Thus does Dr Ellyard, former director of the South Australian department for the Environment  and director of the State’s now defunct Ministry of Technology, speak of a global trading system, one which has learned from the protests of Seattle’s World Trade Conference. He sees a positive in the United Nations which, while still imperfect, has potential in the role of planetary peacemaker and peacekeeper. 

“The world is also being united by ecologically driven fear, fear of global ecological disaster,” he says. 

“For centuries fear has divided humanity, now is  beginning to unite it … fear of unpredictable climatic change and an ozone-depleted atmosphere is forcing people to think 40 years ahead, and to co-operate on an unprecedented level.” 

Dr Ellyard, who has worked as a senior consultant to the United National Environment Program, says Australia’s stand on emissions has been shameful and that priorities should move away from working with the coal industry to developing alternative energy. 

He thinks the world has been too much concerned with survival and not with what he calls “thrival” , which has higher aspirations. “We are a means-to-an-end society but we must really focus on our destination because if you know the destination you may find other means of transportation.”  

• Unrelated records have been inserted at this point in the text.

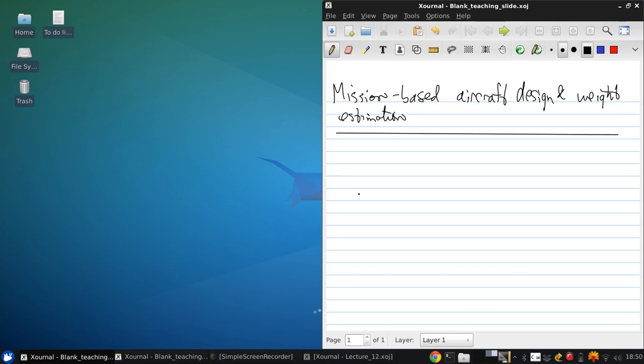This part of the course for the next two lectures is primarily based on Daniel Raymer's book Aircraft Design, a Conceptual Approach. An excerpt from the book that are relevant have been posted to the course site.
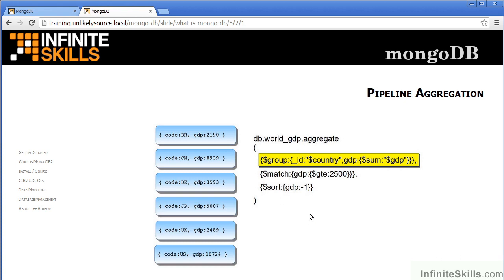We start by grouping by country code. We then produce a sum of the gross domestic product.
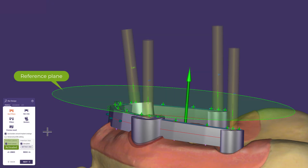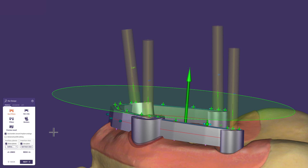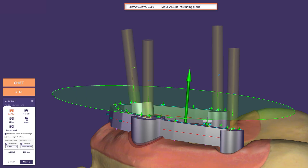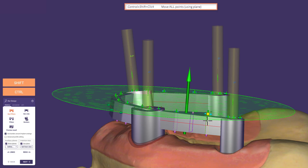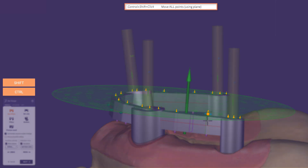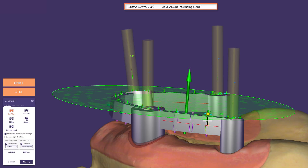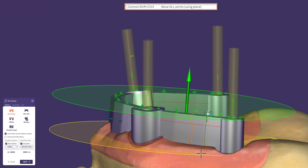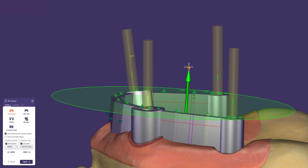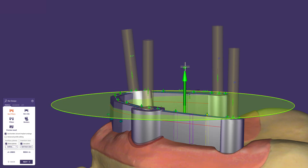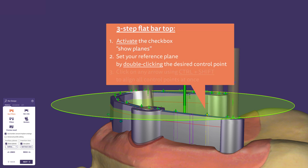Level the bar top with ease. If you want a flat bar top orthogonal to the insertion axis, the fastest way is to click on one of the upward arrows on the bar top while holding CTRL+SHIFT to align all control points at once to the reference plane — immediately the bar is leveled neatly. CTRL+SHIFT also works on the bar bottom, and you can angle the insertion axis independently from the parallel bar top. For most users this is the ideal workflow to get a parallel bar design with minimal effort.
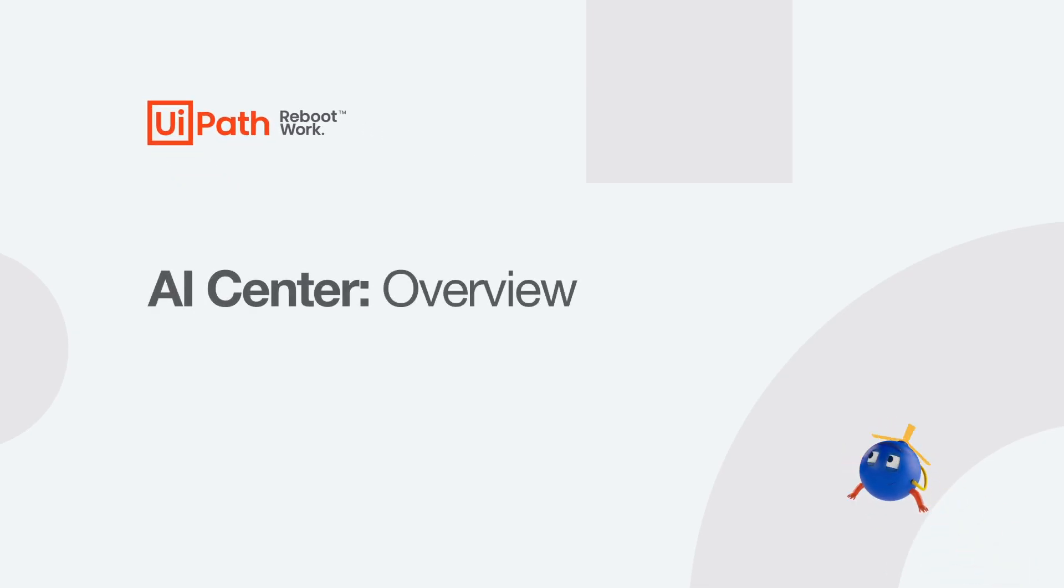I'm Alex Luca from UiPath. In this short video I'm going to talk to you about AI Center, our machine learning platform. I will cover what AI Center is, what you can do with it and how to use it.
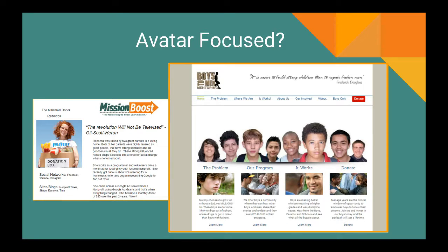In the case of Boyz II Men — which we've referenced earlier — they know their avatars very well and who they're attracting. Their volunteers and mentors have a lot of great information set up on their website, and they use their Google Grants that way. They're very familiar with who their mission resonates with, and when we built their website a few years back, we implemented that across the site so everything was set up the right way by the time they got the Google Grant.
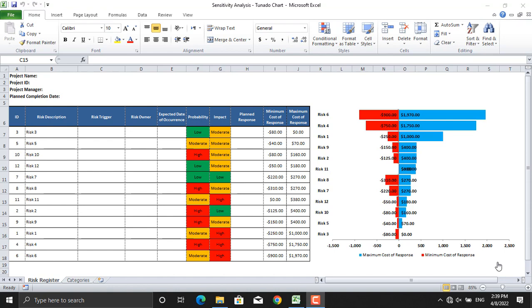So I hope you now understand sensitivity analysis in project risk management and the use of tornado charts. But our main goal in this video is how to prepare a chart like this. I will take you step by step until such a chart is prepared from your risk register.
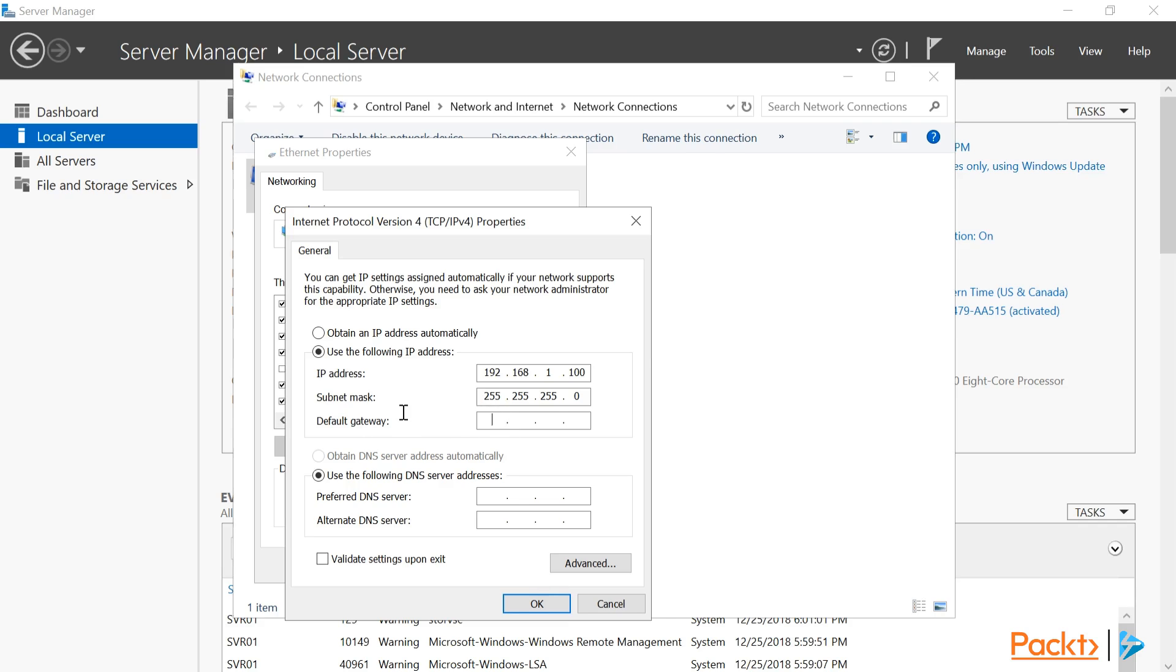And finally, we need to specify the default gateway. In the next section, we'll need to specify the IP address or addresses of our DNS servers, since they are no longer provided by DHCP.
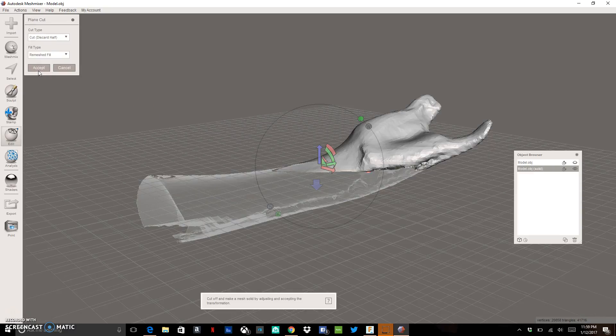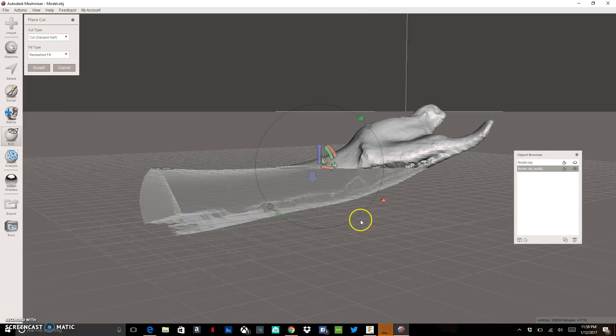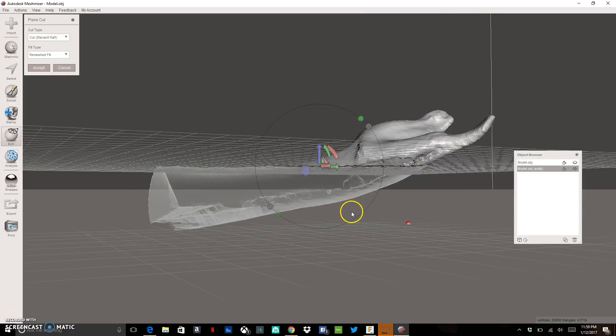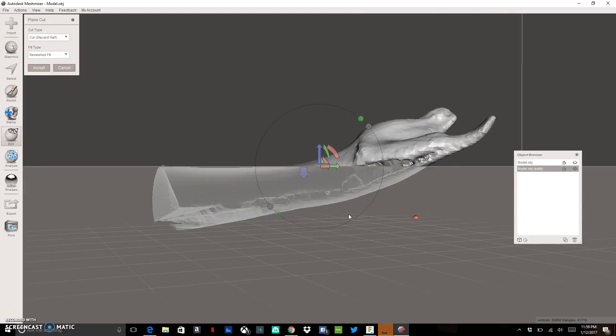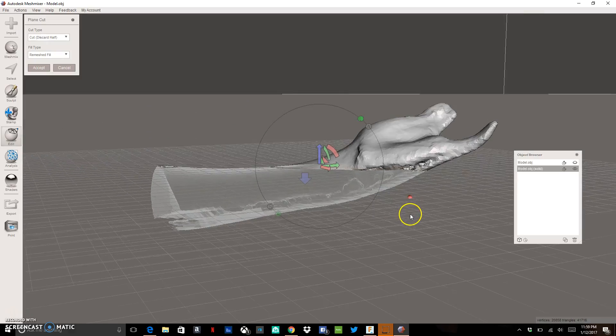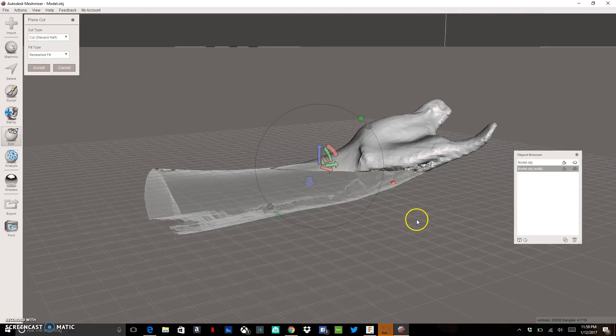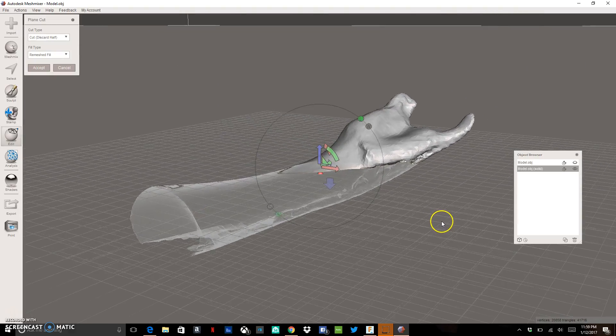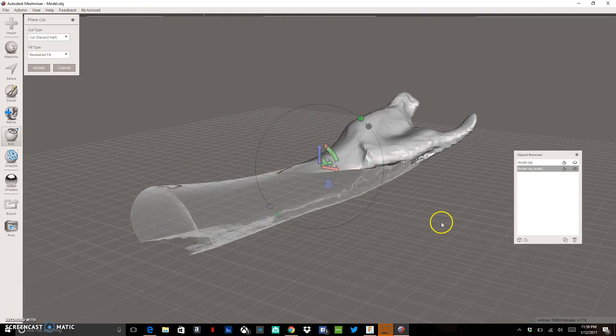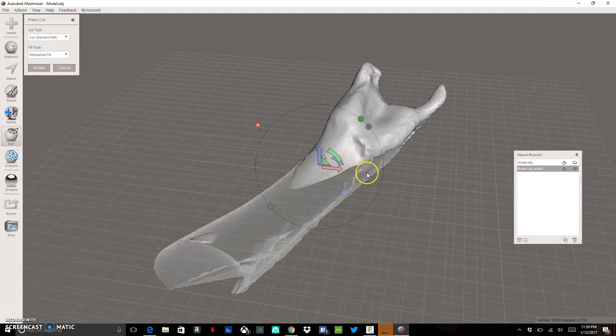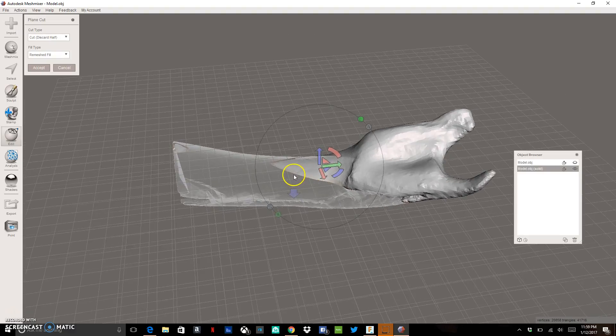So I can go to this plane cut and I can see that it kind of draws this line, draws this plane. And anything beneath this plane is kind of this ghost color. This ghostly color means it's going to be cut out of my model. And I can change the orientation of this plane using these little different colored circles and arrows.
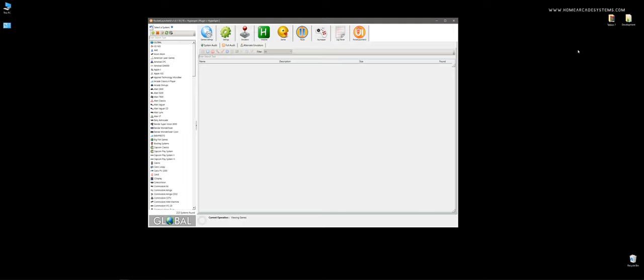All right, this is requested by Kenny. So he's launching PC games and he's manually having to close both Rocket Launcher and PC games. Well, there's a reason for that, Kenny.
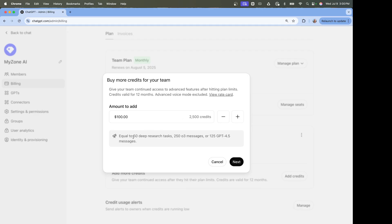For example, if you buy 50 credits, you get an additional 50 deep research credits, 250 o3 message credits, and 125 GPT-4.5 credits. I've never actually run out of the GPT-4.5 ones — I run out of o3 and deep research all the time — so this is super handy.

Dr Ellyard believes in the division of an old“cowboy culture” of individualism, independence, autocracy, patriarchy, unsustainable lifestyles, conflict resolution through confrontation, reliance on defence and a sense of humanity against nature and a new “spaceship culture” which is based on communication, interdependence, democracy, sustainable lifestyle, gender equality, conflict resolution through negotiation and reliance on security. We must leave cowboys behind and board the spaceship for a successful transition to 3000.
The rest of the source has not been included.